This page is meant as a template for writing a KIP. To create a KIP choose Tools->Copy on this page and modify with your content and replace the heading with the next KIP number and a description of your issue. Replace anything in italics with your own description.
Status
Current state: "Adopted"
Discussion thread: here
Vote thread: here
JIRA: here
Please keep the discussion on the mailing list rather than commenting on the wiki (wiki discussions get unwieldy fast).
Motivation
Log recovery is a process when a broker start up, if it has previous unclean shutdown, it'll be triggered to make sure the log is in a good state and not get corrupted. The process of log recovery is as below (producer snapshot and other steps are skipped here):
- iterate all dirs in "log.dirs" config one by one
- find out the topic partition log folder under the dir
- Iterate all the topic partition log folders and add them as jobs to thread pool with the "num.recovery.threads.per.data.dir" config number of threads
- load all the segments under log folder, suppose there are 10 segments
- filter out the segments after "recovery checkpoint", suppose there are 5 segments needed to be recovered
- recover the 5 segments, one by one
- iterate all the record batches inside the segment
- validate all the batches
- rebuilt the indexes.
As we can imagine, if the broker stores a lot of logs, the log recovery process might take hours or days for the log recovery.

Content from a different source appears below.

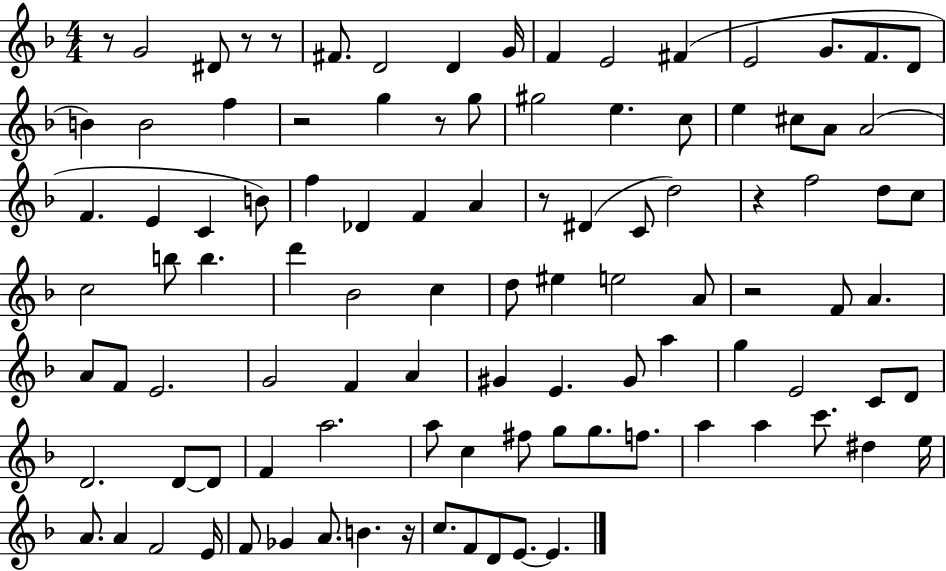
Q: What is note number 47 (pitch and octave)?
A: EIS5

So far, we have no way to know the log recovery progress. All we can do is check the broker log and know it is busy on doing recovery. In this KIP, we're going to expose a RemainingLogsToRecover
metric for each log.dir and RemainingSegmentsToRecover
metric for each recovery thread, to allow the admin have a way to monitor the progress of log recovery.
Public Interfaces
Full Name | Type | Description |
---|---|---|
kafka.log:type=LogManager,name=remainingLogsToRecover ,dir=([-._\/\w\d\s]+) note: The dir format is the valid directory path string for OS(and valid for JAVA). Since the rule is different from each OS, here is just a simple example format. | 32-bit gauge | The remaining logs number for each log.dir to be recovered |
kafka.log:type=LogManager,name=remainingSegmentsToRecover,dir=([-._\/\w\d\s]+),threadNum=([0-9]+) note: The dir format is the valid directory path string for OS(and valid for JAVA). Since the rule is different from each OS, here is just a simple example format. | 32-bit gauge | The remaining segments for the current log assigned to the recovery thread. |
Proposed Changes
The proposal is to propose 2 metrics:
1. RemainingLogsToRecover
: It's to show the remaining logs number for each log.dir to be recovered. The total number of logs to be recovered will be summed in step (1.b) described in "motivation" section. When each log completes the recovery for all the segments under the log, the RemainingLogsToRecover
will be decremented, and in the end, it'll be 0. When broker is not under log recovery state, the metric will be removed.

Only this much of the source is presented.